By Its Cover: Breaking Free
On the cover of the first book, Cassia was safely inside the green glass bubble. For the second, she's clearly breaking loose. I'm not in love with these covers, but I look that they give you an idea of Cassia's relationship with the Society.
Amen, Sister Friend: You're Boring Me
I just really didn't feel connected to Cassia in this book. While I thought I would enjoy the alternating viewpoints, it actually wasn't my favorite. I thought it was kind of hard to distinguish between the two sometimes, which contributed to my feeling of not really connecting with Cassia. I didn't dislike her - I just found her a little bit boring in this one.
Literary Love: Going in Circles
I expected that the love triangle would kind of disappear in this book since it seemed pretty clear that Cassia had chosen Ky at the end of the first book. Unfortunately, things aren't really over with Xander. I say unfortunately, not because I didn't like Xander, but because I just needed the girl to make up her mind already! Cassia and Ky barely missed each other and then were so close the entire time they were in the canyons, and I just felt like the love/relationship aspect of the book was dragging a little.
Word Nerd: A Little Lacking
I think this new world in Crossed, the canyons, felt a little less developed than in the first book. I sort of understood what was going on with the farmers and the rebellion, but it still seems a little vague to me. It was like I didn't completely absorb the importance and impact of that aspect of the story. The writing was still enjoyable, but the book just felt like it dragged on. I didn't feel compelled to get to the ending. However, I still want to read the third! I certainly think there's a chance it will get more interesting once they're back in the Society.

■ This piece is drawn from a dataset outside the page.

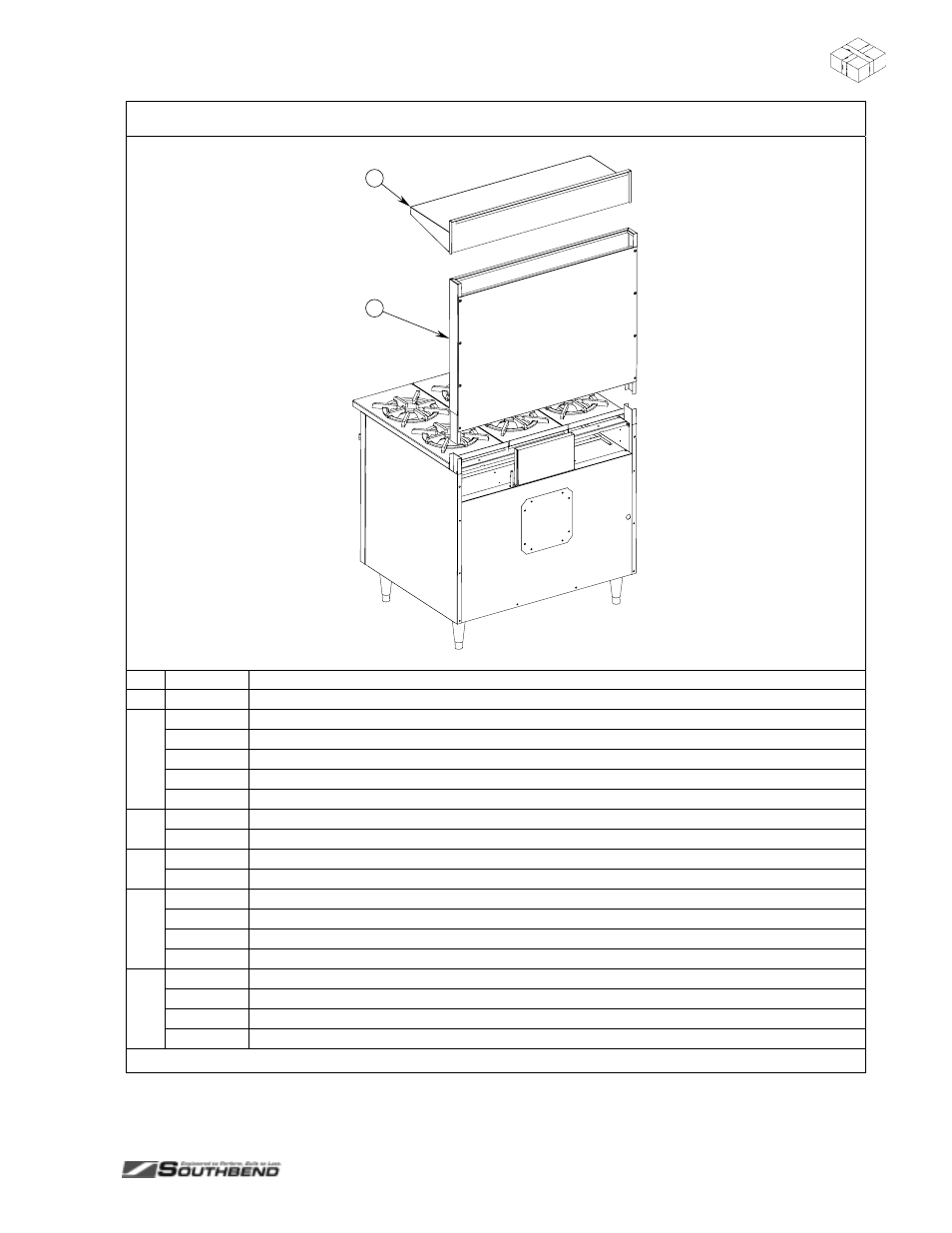 Arts, 400 r | Southbend 436D User Manual | Page 47 / 64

Also, poetry played a pretty significant role in the book. I'm not sure why, but that started to get on my nerves. I understand that the Society has taken books and words away from them, but I don't think I'd be just sitting there thinking about poetry if I'm on the run and being pursued by people who want me dead. I think that added to the feeling that this book was moving too slowly, which was really unfortunate!
So Quotable
"And it is strange that absence can feel like presence. A missing so complete that if it were to go away, I would turn around, stunned, to see that the room is empty after all, when before it at least had something, if not him."
"But loving lets you look, and look, and look again. You notice the back of a hand, the turn of a head, the way of a walk. When you first love, you look blind and you see it all as the glorious, beloved whole, or a beautiful sum of beautiful parts. But when you see the one you love as pieces, as whys - why he walks like this, why he closes his eyes like that - you can love those parts, too, and it's a love at once more complicated and more complete."
Bottom Line: Suffers From MBS
If you can't already tell, I wasn't in love with this book. It wasn't terrible but it wasn't amazing either. It just fell more in the middle, and left me feeling kind of so/so. There were a few too many "coincidences" for my liking, and I was left with more questions than answers at the end. I'll still be reading the third, and I have hope that the story will pick back up in the final installment.